GOP Convention attendee gets ugly with CNN employee
Just as the 2012 Republican National Convention’s roster of evening speeches was getting under way, former MSNBC anchor David Shuster tweeted: “GOP attendee ejected for throwing nuts at African-American CNN camerawoman + saying ‘This is how we feed animals.’ ”

Needless to say, this atrocious racial slur is not terribly surprising, given the venue, the occasion, and the decidedly “hostile environment” in which this professional journalist was required to work. It is, however, horrifying, degrading, and barbarous. This person must have felt emboldened by some sort of group camouflage to publicly target another human being that way, surrounded by people he imagined would harbor as much racial animus as he did.*

At least they looked as if they did. Out of 4,411 GOP delegates and alternates attending the 2012 convention, only 46 of them (a paltry 2 percent) are black, according to two Atlanta Journal-Constitution reporters who collaborated on a story about the party’s struggle with diversity. By contrast, they noted, African-Americans comprise 26 percent of the 4,000-plus delegates slated to attend the 2012 Democratic National Convention.

I don’t care how many Nikki Haleys, Ted Cruzes, Artur Davises, and Mia Loves the GOP hustles onto that convention stage for the sake of appearances. All I could see on my TV screen was a vast, monolithic ocean of white privilege, flecked with clusters of jingoistic balloons.

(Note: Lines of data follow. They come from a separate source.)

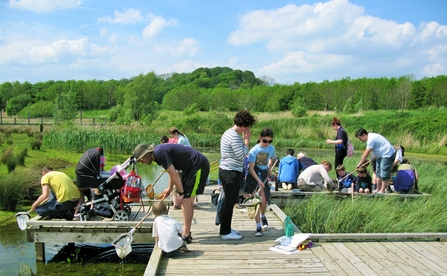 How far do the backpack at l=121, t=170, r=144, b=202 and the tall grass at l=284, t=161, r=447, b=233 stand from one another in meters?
2.58

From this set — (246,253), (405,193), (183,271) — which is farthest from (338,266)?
(405,193)

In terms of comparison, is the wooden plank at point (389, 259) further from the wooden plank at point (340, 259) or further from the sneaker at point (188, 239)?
the sneaker at point (188, 239)

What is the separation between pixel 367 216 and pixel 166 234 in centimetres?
341

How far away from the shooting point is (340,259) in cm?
461

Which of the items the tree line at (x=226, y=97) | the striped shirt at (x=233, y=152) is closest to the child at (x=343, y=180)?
the striped shirt at (x=233, y=152)

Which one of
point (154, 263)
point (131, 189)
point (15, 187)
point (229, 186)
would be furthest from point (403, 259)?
point (15, 187)

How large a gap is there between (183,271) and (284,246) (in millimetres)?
1334

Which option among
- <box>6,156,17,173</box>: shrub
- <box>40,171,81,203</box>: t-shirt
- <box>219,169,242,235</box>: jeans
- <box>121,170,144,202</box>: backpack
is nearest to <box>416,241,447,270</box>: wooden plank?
<box>219,169,242,235</box>: jeans

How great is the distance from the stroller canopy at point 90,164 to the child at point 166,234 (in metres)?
1.71

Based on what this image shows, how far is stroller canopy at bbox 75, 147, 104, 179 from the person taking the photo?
595 cm

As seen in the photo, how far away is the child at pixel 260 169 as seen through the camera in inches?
206

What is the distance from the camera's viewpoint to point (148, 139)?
19.1 m

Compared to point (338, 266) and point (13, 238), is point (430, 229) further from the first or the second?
point (13, 238)

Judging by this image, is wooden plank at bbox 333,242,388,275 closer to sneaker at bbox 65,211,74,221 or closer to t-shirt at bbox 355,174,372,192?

* Update, 8-30-12: Yesterday, the racist peanut assault incident at the GOP convention was clarified by numerous new press accounts. Two “older than middle-aged white men” rather than one, of just the sort I described above,  collaborated on tormenting the CNN camerawoman. A number of pundits criticized CNN for apparently “hushing up” the incident because the channel has recently embarked on a campaign to appear the least biased of the three major cable news networks.

Just before the two white goons pelted Patricia Carroll with peanuts and called her a zoo animal, a Puerto Rican delegate included in the convention’s program, as part of the party’s effort to put on a false show of  “highlighting diversity,” was shouted down by the crowd, with chants of “USA! USA! USA!”, after beginning her remarks in Spanish.